(Data extracts begins)

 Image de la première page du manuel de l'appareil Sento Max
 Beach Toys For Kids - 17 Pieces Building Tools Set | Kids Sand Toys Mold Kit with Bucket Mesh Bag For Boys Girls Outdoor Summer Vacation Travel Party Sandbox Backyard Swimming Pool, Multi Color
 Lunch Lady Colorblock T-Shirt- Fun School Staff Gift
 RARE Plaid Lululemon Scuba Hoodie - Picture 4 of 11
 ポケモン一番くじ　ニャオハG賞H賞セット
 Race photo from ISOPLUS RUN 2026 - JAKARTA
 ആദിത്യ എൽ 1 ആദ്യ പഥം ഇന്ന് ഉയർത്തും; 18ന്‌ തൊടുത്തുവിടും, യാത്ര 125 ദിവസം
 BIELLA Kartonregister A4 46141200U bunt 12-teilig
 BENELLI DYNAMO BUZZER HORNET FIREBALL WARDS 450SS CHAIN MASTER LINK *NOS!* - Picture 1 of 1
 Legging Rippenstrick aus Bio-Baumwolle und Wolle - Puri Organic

(Data extracts ends)
(Data extracts begins)

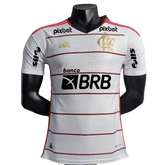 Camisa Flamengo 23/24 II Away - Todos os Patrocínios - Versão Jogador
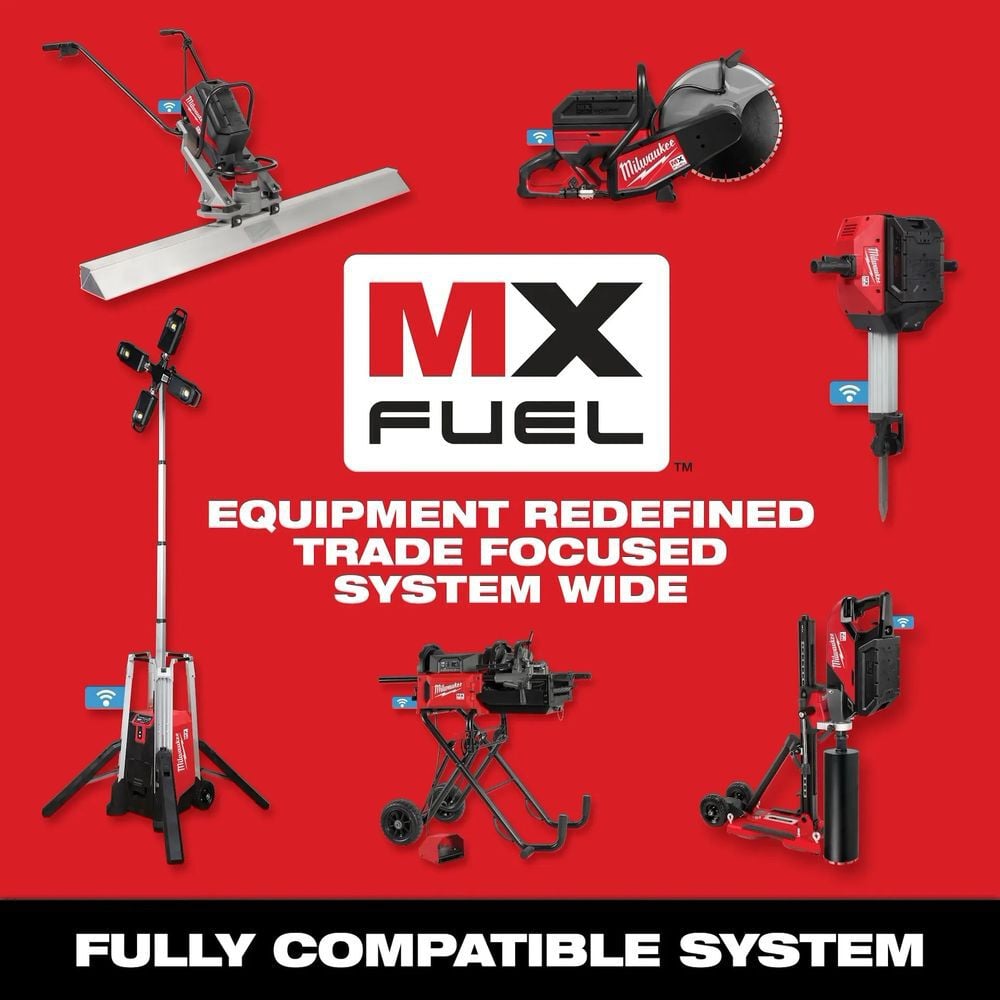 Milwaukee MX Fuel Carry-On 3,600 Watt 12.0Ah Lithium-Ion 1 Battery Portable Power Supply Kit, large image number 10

(Data extracts ends)

▶ **The problem**: Beginning with the line containing "RARE Plaid Lululemon" and ending with the line containing "BENELLI DYNAMO BUZZER", extract those lines exactly from the listing above, and only those.

▶ **Your response**:
 RARE Plaid Lululemon Scuba Hoodie - Picture 4 of 11
 ポケモン一番くじ　ニャオハG賞H賞セット
 Race photo from ISOPLUS RUN 2026 - JAKARTA
 ആദിത്യ എൽ 1 ആദ്യ പഥം ഇന്ന് ഉയർത്തും; 18ന്‌ തൊടുത്തുവിടും, യാത്ര 125 ദിവസം
 BIELLA Kartonregister A4 46141200U bunt 12-teilig
 BENELLI DYNAMO BUZZER HORNET FIREBALL WARDS 450SS CHAIN MASTER LINK *NOS!* - Picture 1 of 1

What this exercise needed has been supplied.